Rodri Val

Personal information
- Full name: Rodrigo Val Puertolas
- Date of birth: 5 January 2001 (age 25)
- Place of birth: Aurín, Spain
- Height: 1.78 m (5 ft 10 in)
- Position: Winger

Team information
- Current team: Mirandés

Youth career
- Zaragoza
- 2019–2020: Levante

Senior career*
- Years: Team / Apps / (Gls)
- 2019: Zaragoza B / 2 / (0)
- 2020–2023: Levante B / 16 / (0)
- 2020–2021: → Tarazona (loan) / 25 / (2)
- 2023: Brea / 14 / (1)
- 2023–2024: Huesca B / 30 / (3)
- 2024–2025: Ejea / 33 / (6)
- 2025–2026: Sanluqueño / 36 / (4)
- 2026: Eldense / 2 / (0)
- 2026–: Mirandés / 0 / (0)

= Rodri Val =

Spanish footballer

Rodrigo "Rodri" Val Puertolas (born 5 January 2001) is a Spanish professional footballer who plays mainly as a right winger for CD Mirandés.

==Career==
Born in Aurín, Huesca, Aragon, Val is a youth product of Real Zaragoza, and made his senior debut with the reserves on 6 January 2019, starting in a 0–0 Tercera División home draw against SD Tarazona. On 18 July, he moved to Levante UD, being initially a member of their Juvenil squad.

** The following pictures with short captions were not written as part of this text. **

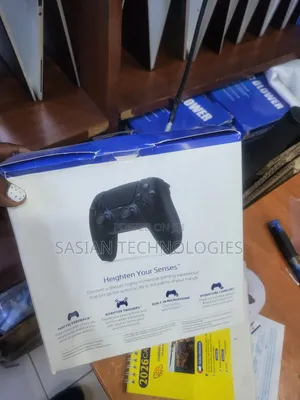 Ps5 Gaming Pads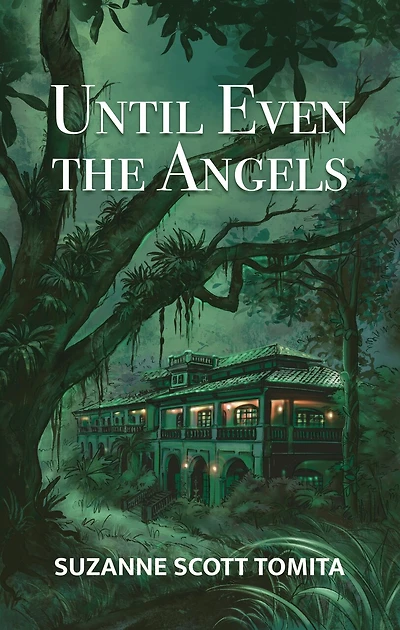 Until Even The Angels
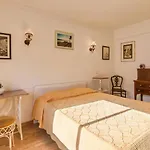 Apartamento 2 Quartos No Centro Da -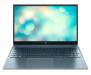 Ноутбук HP Pavilion 15-eg0019ur Fog Blue (398N4EA)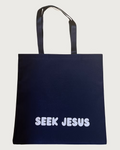 Prayer Tote Bag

On 23 September 2020, after finishing his formation, Val was loaned to Segunda División B side Tarazona, for one year. Back to the Granotes in July 2021, he was assigned to the reserves in Segunda División RFEF, and despite being rarely used, he still renewed his contract on 1 March 2022.

In January 2023, Val moved to CD Brea also in the fourth division, but left the club in June after helping them narrowly avoid relegation. On 4 September, he moved to another reserve team, SD Huesca B in Tercera Federación.

In July 2024, Val agreed to a deal with SD Ejea in division four, being a regular starter before moving to Primera Federación side Atlético Sanluqueño CF on 11 June 2025. On 3 July 2026, despite suffering relegation, he signed a one-year contract with CD Eldense, newly-promoted to Segunda División.

Val made his professional debut on 17 August 2026, coming on as a second-half substitute for Pau Cabanes in a 3–0 away loss to UD Almería. On 1 September, however, after just one further match, he moved back to the third division with CD Mirandés.